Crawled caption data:

══════════

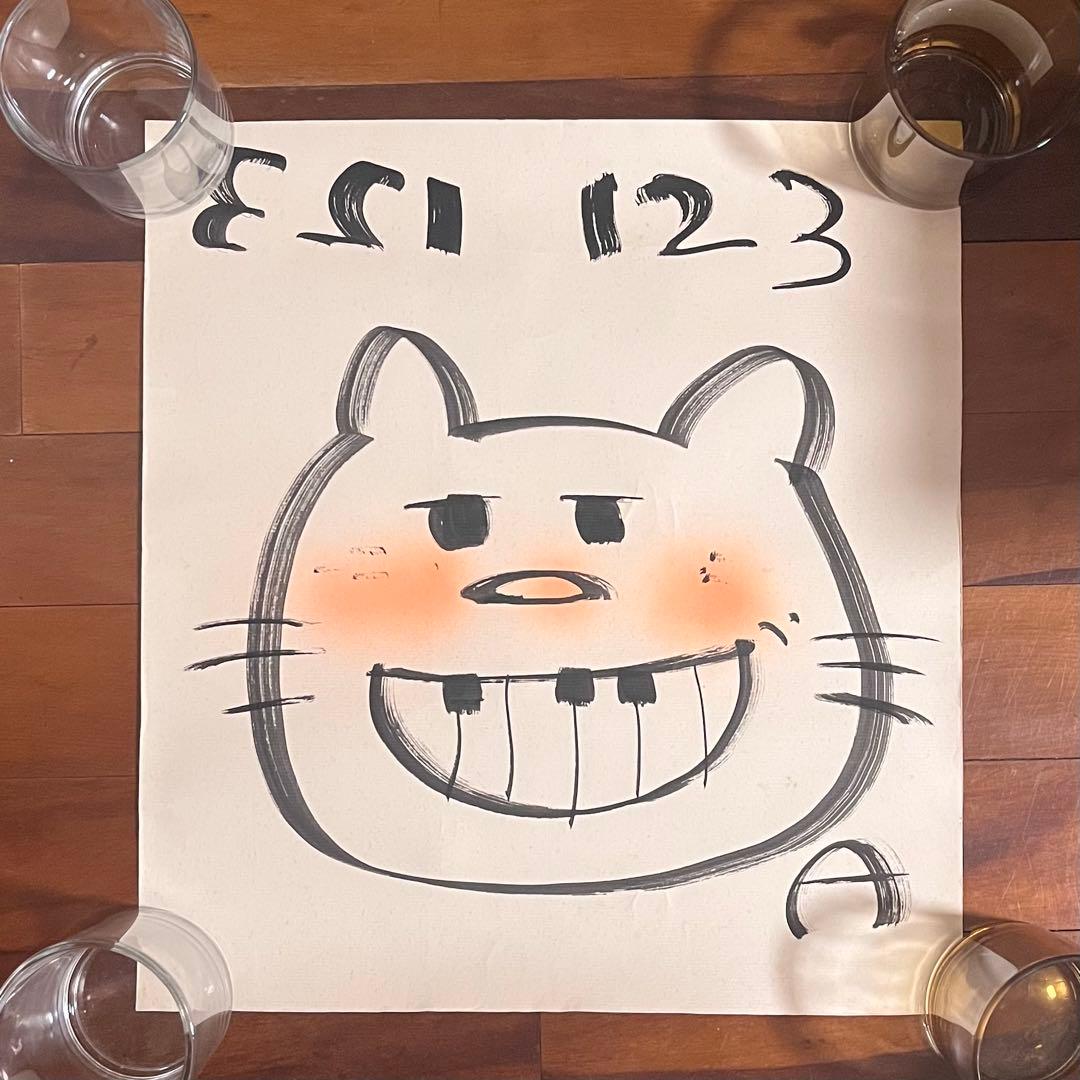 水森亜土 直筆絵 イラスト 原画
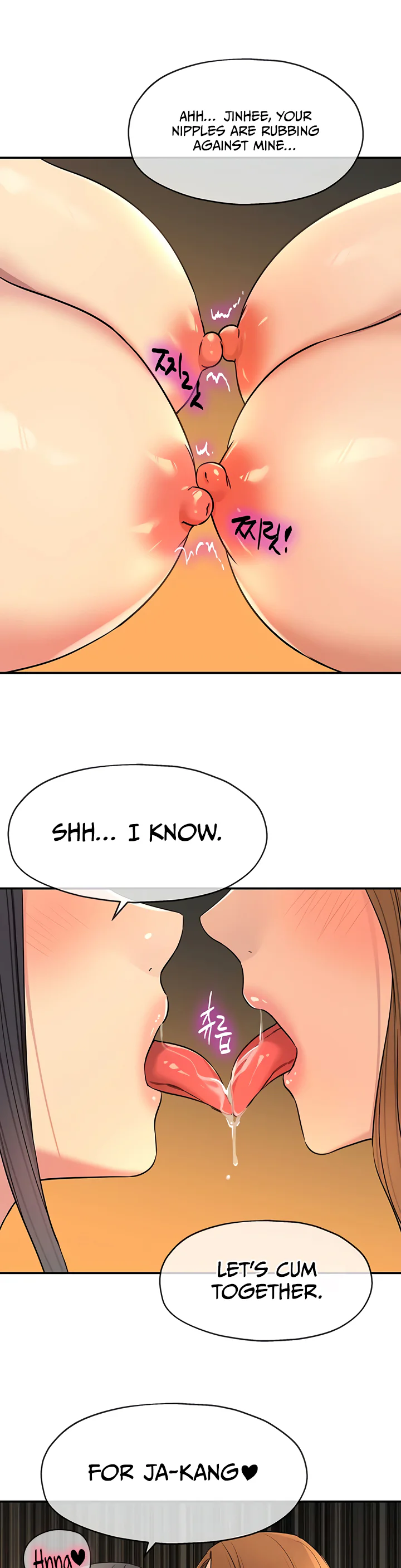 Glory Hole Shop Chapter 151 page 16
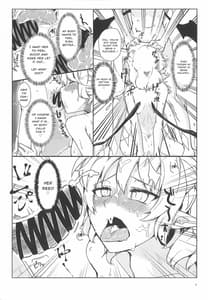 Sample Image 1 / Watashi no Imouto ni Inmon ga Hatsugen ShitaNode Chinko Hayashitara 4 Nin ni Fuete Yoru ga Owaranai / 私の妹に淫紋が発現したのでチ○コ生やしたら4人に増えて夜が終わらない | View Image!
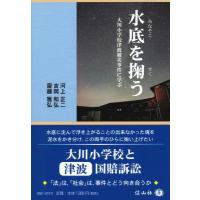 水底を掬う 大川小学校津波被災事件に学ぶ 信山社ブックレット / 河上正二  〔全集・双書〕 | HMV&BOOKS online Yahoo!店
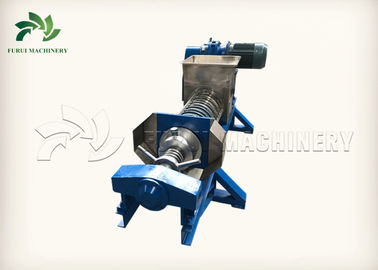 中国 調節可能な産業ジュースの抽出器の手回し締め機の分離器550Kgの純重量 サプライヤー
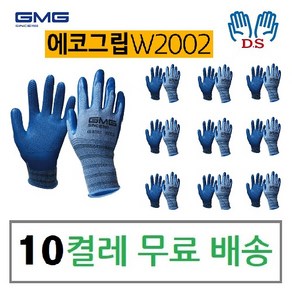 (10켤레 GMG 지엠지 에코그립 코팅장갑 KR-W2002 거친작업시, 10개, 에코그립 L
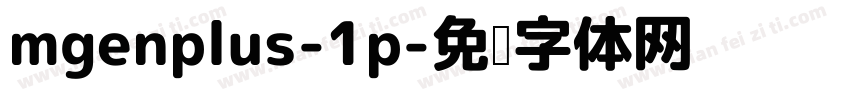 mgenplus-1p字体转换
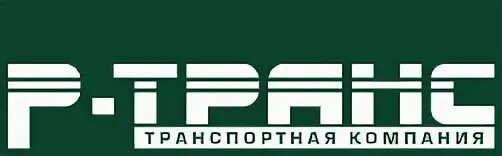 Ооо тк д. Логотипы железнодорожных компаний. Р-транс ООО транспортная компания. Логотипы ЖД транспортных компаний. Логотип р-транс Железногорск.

══════════

Copy the records above from the first line through the line containing "中国 調節可能な産業ジュースの抽出器の手回し締め機の分離器550Kgの純重量 サプライヤー", both included, and leave out any pictures.

 水森亜土 直筆絵 イラスト 原画
 Glory Hole Shop Chapter 151 page 16
 Sample Image 1 / Watashi no Imouto ni Inmon ga Hatsugen ShitaNode Chinko Hayashitara 4 Nin ni Fuete Yoru ga Owaranai / 私の妹に淫紋が発現したのでチ○コ生やしたら4人に増えて夜が終わらない | View Image!
 水底を掬う 大川小学校津波被災事件に学ぶ 信山社ブックレット / 河上正二  〔全集・双書〕 | HMV&BOOKS online Yahoo!店
 中国 調節可能な産業ジュースの抽出器の手回し締め機の分離器550Kgの純重量 サプライヤー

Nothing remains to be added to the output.